_What you have to do_
Below are records to transcribe exactly, without their pictures.

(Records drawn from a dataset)
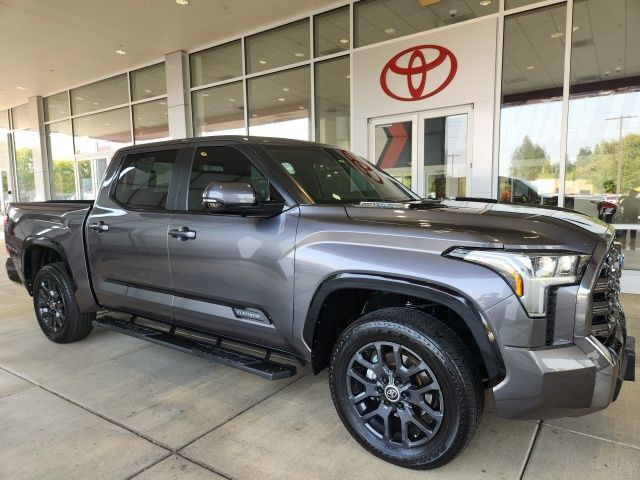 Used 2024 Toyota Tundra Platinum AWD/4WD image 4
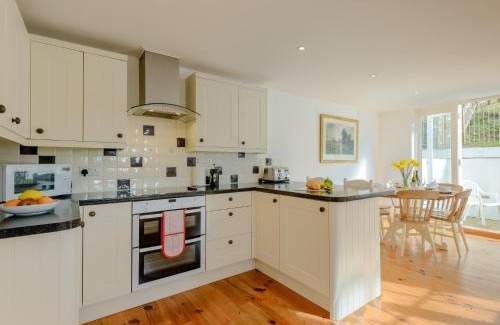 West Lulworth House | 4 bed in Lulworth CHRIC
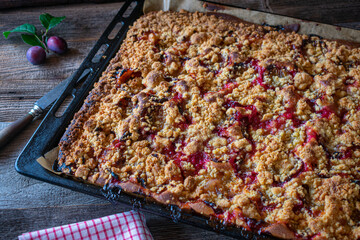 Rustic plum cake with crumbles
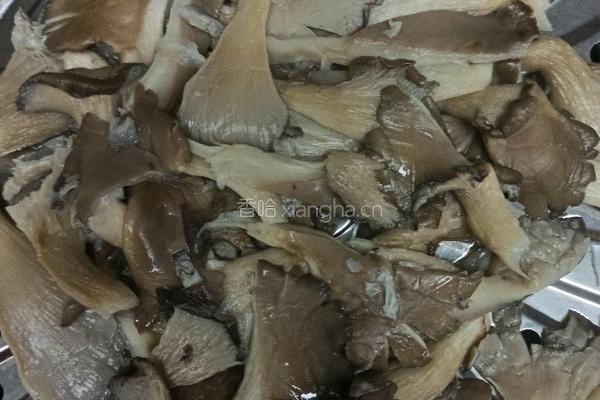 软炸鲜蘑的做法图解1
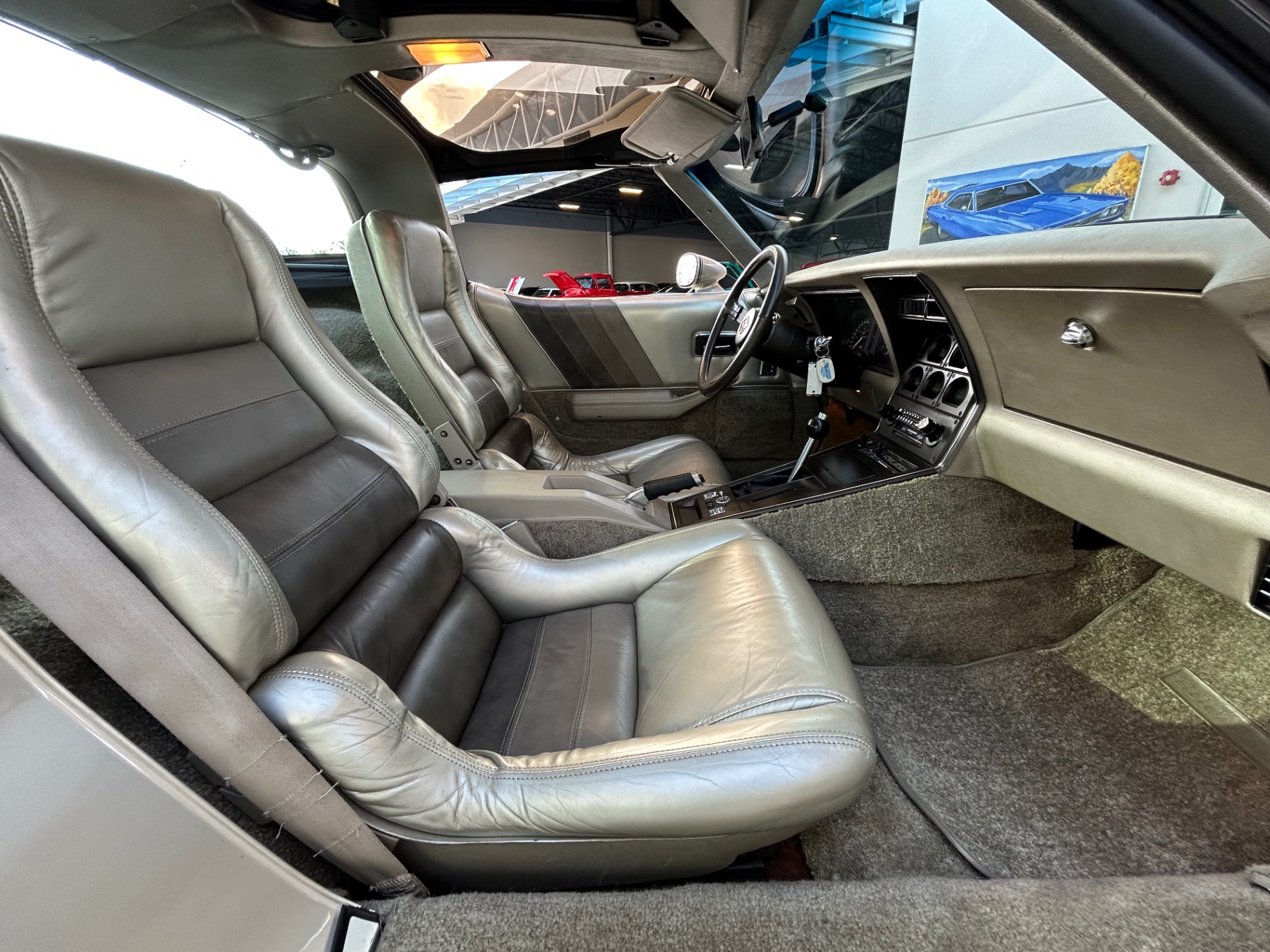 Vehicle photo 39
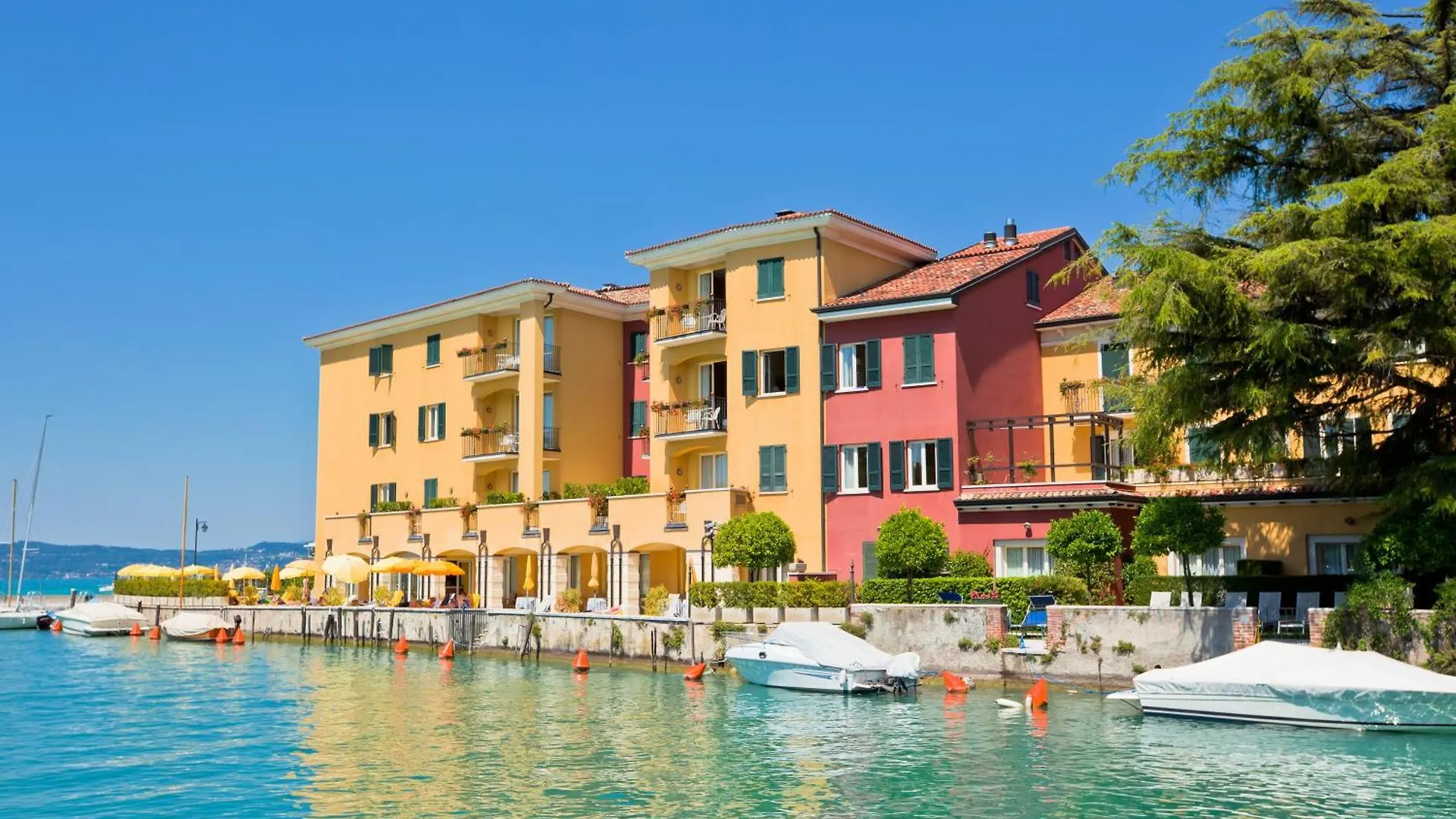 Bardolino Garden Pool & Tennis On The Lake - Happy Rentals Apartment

_Task response_
 Used 2024 Toyota Tundra Platinum AWD/4WD image 4
 West Lulworth House | 4 bed in Lulworth CHRIC
 Rustic plum cake with crumbles
 软炸鲜蘑的做法图解1
 Vehicle photo 39
 Bardolino Garden Pool & Tennis On The Lake - Happy Rentals Apartment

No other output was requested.